To find the pOH of solution of $\pu{0.42 M}$ of $\ce{NaHCO3}$, given a $\ce{Kb}$ of $\pu{2.4E-8}$, my solution manual does the following steps:

1. Reaction is similar to : $\ce{HCO3- + H2O <=> H2CO3 + OH-}$
2. $\displaystyle \ce{Kb} = \pu{2.4E-8} = \ce{\frac{[OH-][H2CO3]}{[HCO3-]}}$
3. $\displaystyle \ce{Kb} = \pu{2.4E-8} = \ce{\frac{[OH]^2}{[0.42]}}$ , as we have $\pu{0.42 M}$ of $\ce{NaHCO3}$ so approximately $\pu{0.42 M}$ $\ce{HCO3-}$, and $\ce{[OH-] = [H2CO3]}$
4. Solve equation for $\ce{[OH-]}$, giving $\ce{[OH-]} = \pu{10^{-4}}$ and hence $\ce{pOH} = 4$

What I don't understand is: Given the equation $$\ce{HCO3- + H2O <=> H2CO3 + OH-},$$ doesn't this show $\ce{HCO3} = \ce{H2O} = \ce{H2CO3} =\ce{OH-}$, as they are all in a $\mathrm{1:1:1:1}$ molar ratio in the equation.

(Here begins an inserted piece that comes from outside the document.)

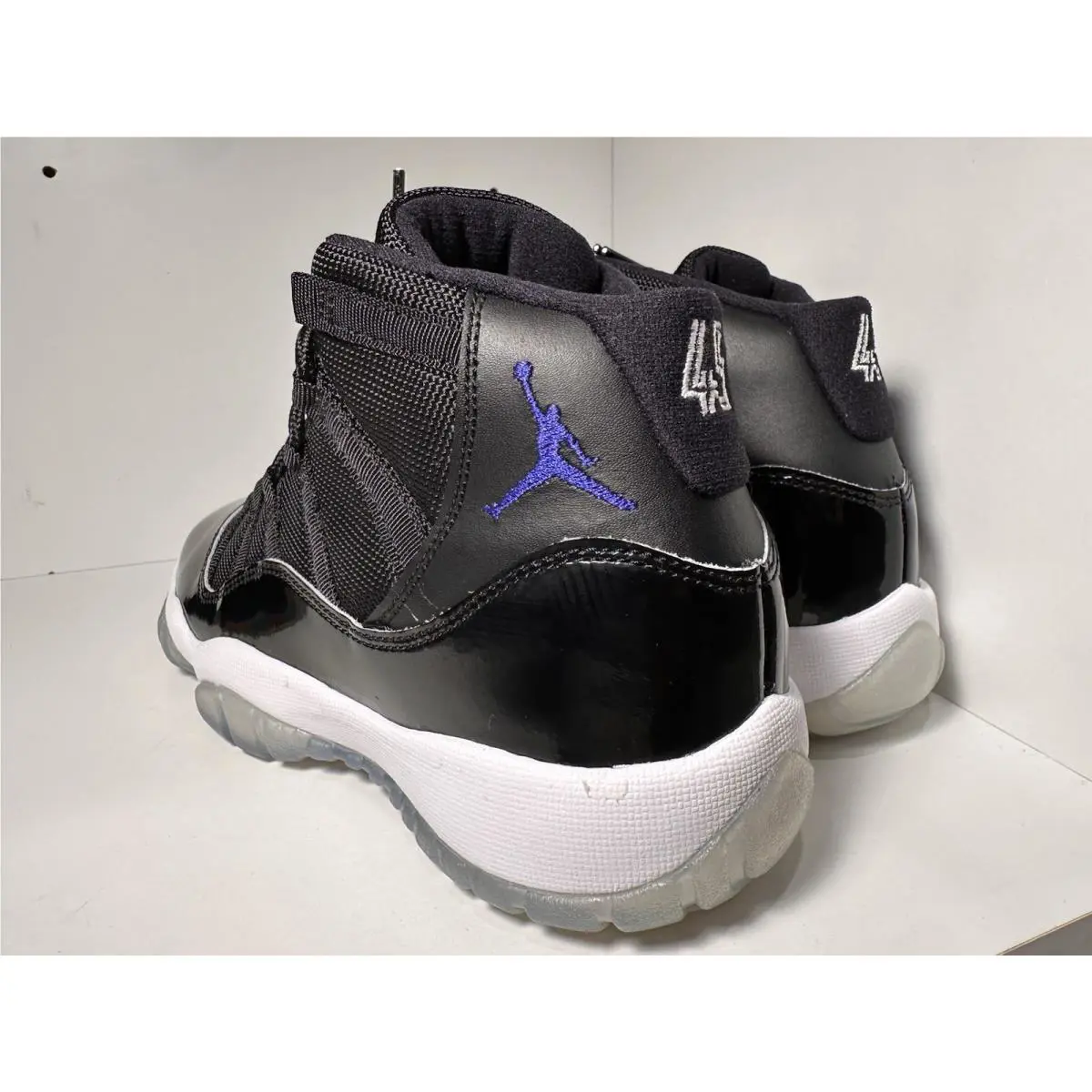 Nike shoes - Air Jordan 11 - Air - 378038003 - Black 4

So wouldn't $\ce{OH-}$ also just equal $\pu{0.42 M}$?

Answer 1

Your misunderstanding appears to be some confusion between stoichiometry and equilibrium concentrations. The chemical equation describes the stoichiometry or the ratio of the species in the reaction. In other words, each time the reaction happens, the equation describes how many of each reactant are consumed and how many are produced. In your example:

$$\ce{HCO3- + H2O <=> H2CO3 + OH-}$$

Each time this reaction occurs in the forward direction, one bicarbonate anion and one water molecule react to form one carbonic acid molecule and one hydroxide anion. In the reverse direction, one carbonic acid molecule and one hydroxide anion react to form one bicarbonate anion and one water molecule.

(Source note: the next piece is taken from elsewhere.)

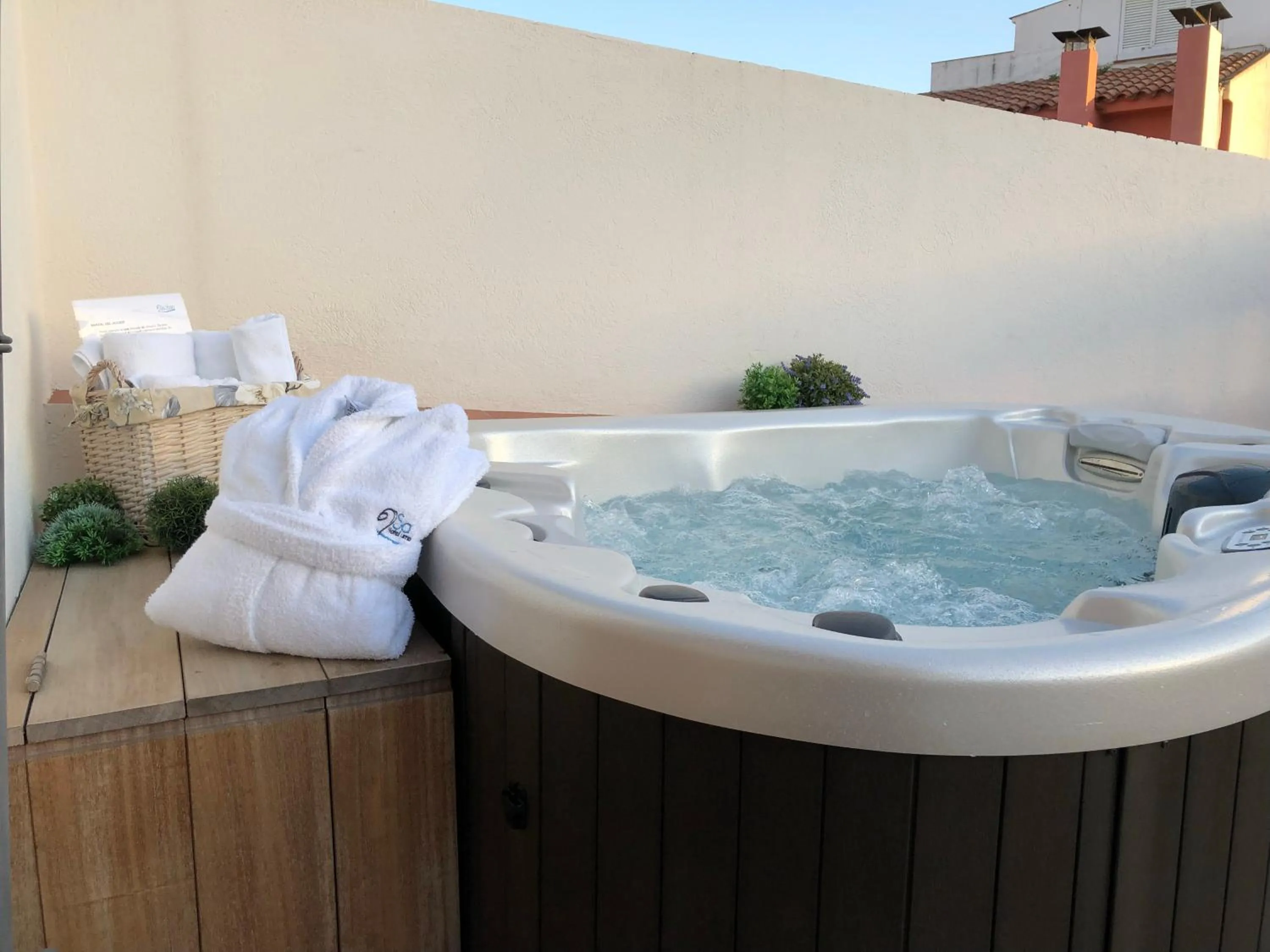 Hot Tub in Sa Voga Hotel & Spa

Since this reaction is reversible, the equilibrium constant tells you something about the extent of the reaction. In other words, what portion of the overall system is sitting on the reactant side and what portion sis sitting on the product side. Put another way, the system is at equilibrium when the rates of the forward and reverse reactions are equal. These rates are dependent on the concentrations of the species on the reactant and product sides of the equation and on rate constants.

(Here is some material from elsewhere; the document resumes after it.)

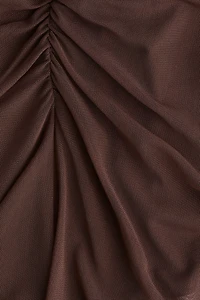 Haut sans manches en voile à effet drapé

$$\mathrm{rate_{forward}=rate_{reverse}}\\ k_\mathrm{f}[\ce{HCO3-}][\ce{H2O}]=k_\mathrm{r}[\ce{H2CO3}][\ce{OH-}]$$

The equilibrium constant is the ratio of the rate constants:

$$K=\frac{k_\mathrm{r}}{k_\mathrm{f}}=\frac{[\ce{H2CO3}][\ce{OH-}]}{[\ce{HCO3-}][\ce{H2O}]}$$

The equilibrium constant is thus a law of mass action expression for the situation where the forward and reverse rates are equal. At this state, both forward and reverse reactions are occurring following the stoichiometric ratios, but the concentrations of each species has reached a steady state.